*** Provided data ***

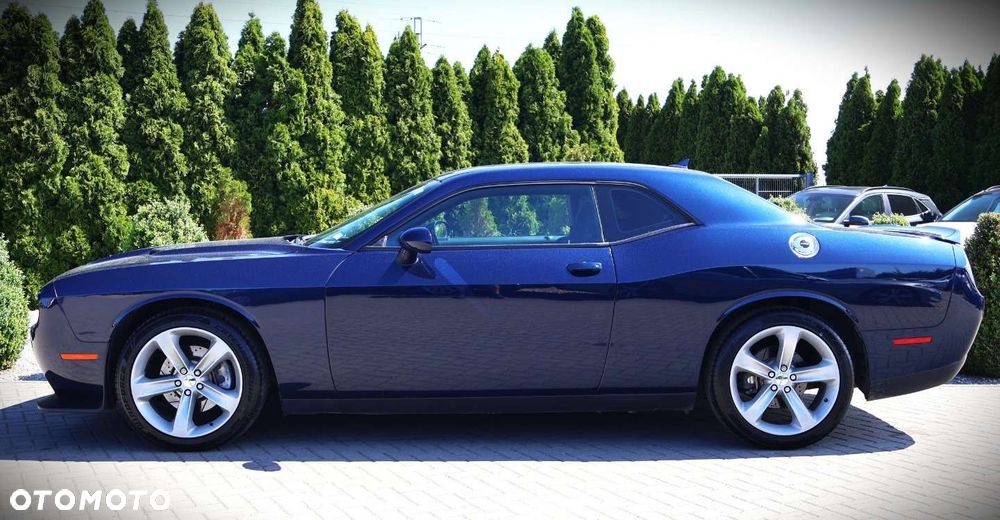 Dodge Challenger - 5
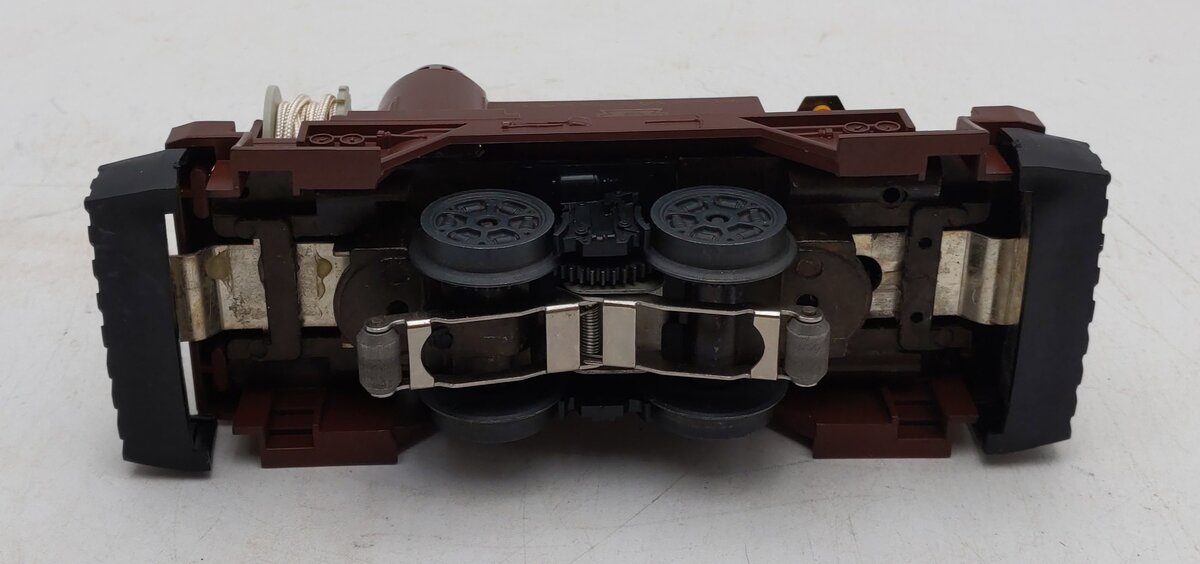 Lionel 6-8379 O Gauge Pennsylvania Motorized Fire Car #8379 VG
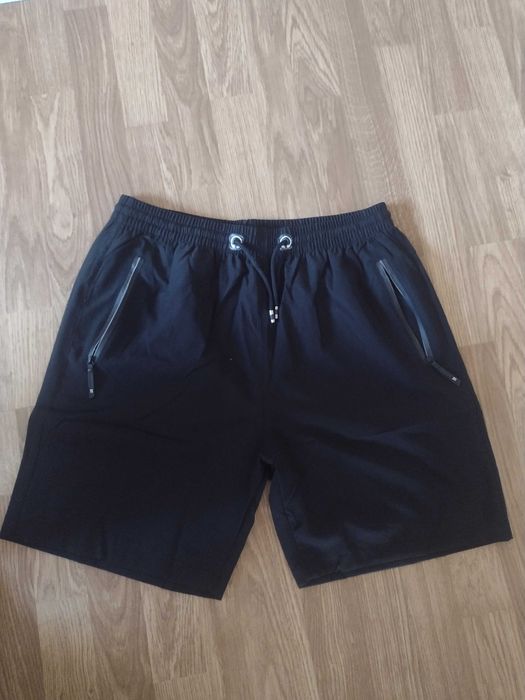 Pantaloni scurți bărbați L și tricouri XL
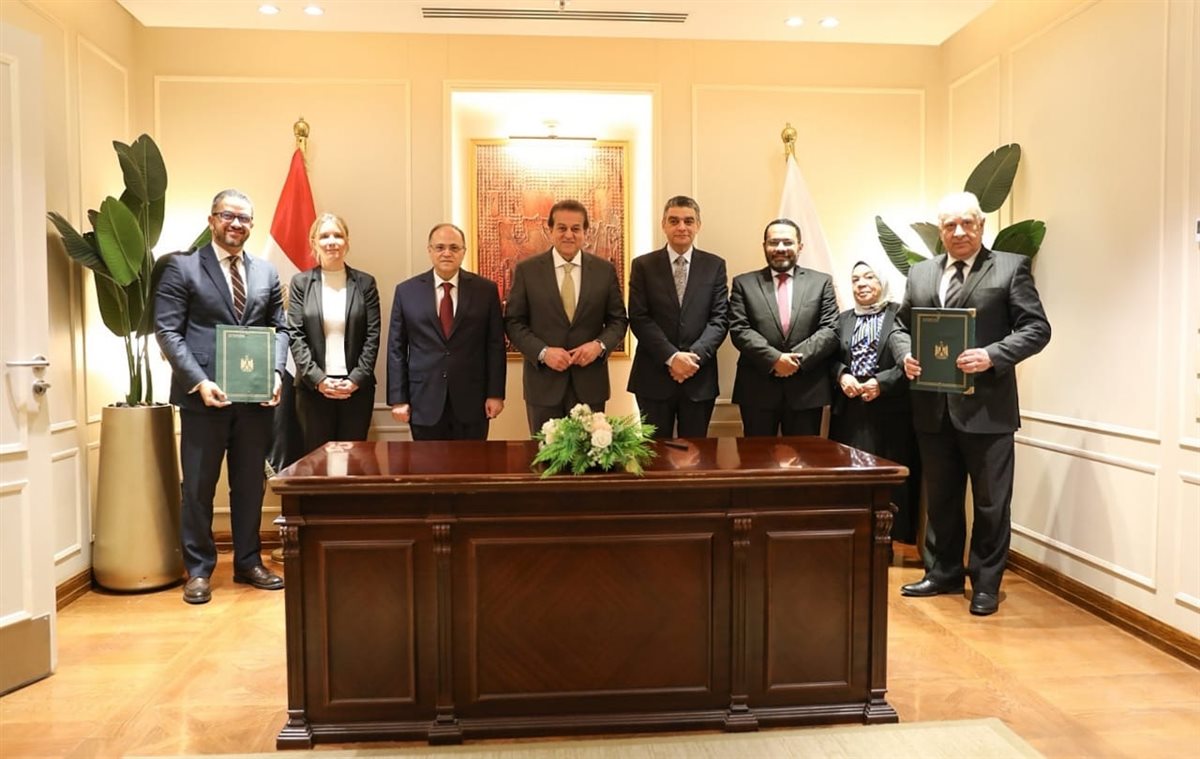 الدكتور خالد عبدالغفار نائب رئيس مجلس الوزراء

*** End of Provided data ***

Recopy the whole listing above precisely, excluding images.

 Dodge Challenger - 5
 Lionel 6-8379 O Gauge Pennsylvania Motorized Fire Car #8379 VG
 Pantaloni scurți bărbați L și tricouri XL
 الدكتور خالد عبدالغفار نائب رئيس مجلس الوزراء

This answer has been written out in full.